Let me be clear. I’m not making the call that bitcoin/crypto goes away. What I’m saying is that I can’t see how the regulators are getting more excited about crypto with all these shenanigans dominating the news.
That being said, there’s one government agency that supports any product, service, and/or asset that goes up in value and can be assigned a basis. The IRS is all about crypto, and they are licking their chops.
It’s estimate that there’s roughly $500 billion in embedded gains in crypto (obviously this figure changes by the hour so just go with the concept rather than the number). And the IRS now wants to track any crypto transfer above $10,000.
This story is also interesting because it is fueling a conspiracy theory that appears to be gaining traction. And I love me a good conspiracy theory. It goes something like this…

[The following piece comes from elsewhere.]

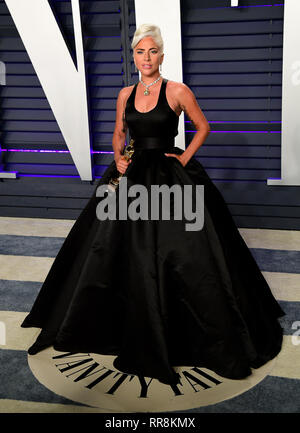 chinese dress ladies Black Lady Gaga Ball Gown Cut Out Dress Satin Prom Celebrity Formal Dr   Hoprom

There’s a lot of crypto being bought on margin. When crypto falls, over-levered traders have to post more collateral. Millennials like owning crypto over stocks, so they sell stocks to move cash to meet crypto margin calls. This selling in equities has amplified spikes in the VIX like the one in the chart below from two weeks ago:
I’d be shocked if margin calls in crypto are fueling accelerated equity market volatility. FOMO investors can band together to drive one or two stocks, but the entire stock market? No shot.
I think it’s what we’ve discussed already – lots of people who don’t want to own stocks right now have to own stocks right now if they want any shot of a “real” return over time (positive return after removing the effects of inflation). Seems more plausible that these nervous nellies are spiking the VIX than crypto traders. But that’s just a guess.
Lastly, the cicadas are back, and it’s likely the first and last time I will ever be thankful for living in California. Because I’ve lived through a cicada cycle in the late 1990s in Nashville while I was in undergrad, and there’s nothing more horrifying than billions of flying cockroaches darkening the sky for over a month. If you’re living in cicada stomping grounds right now, stay strong and don’t go outside.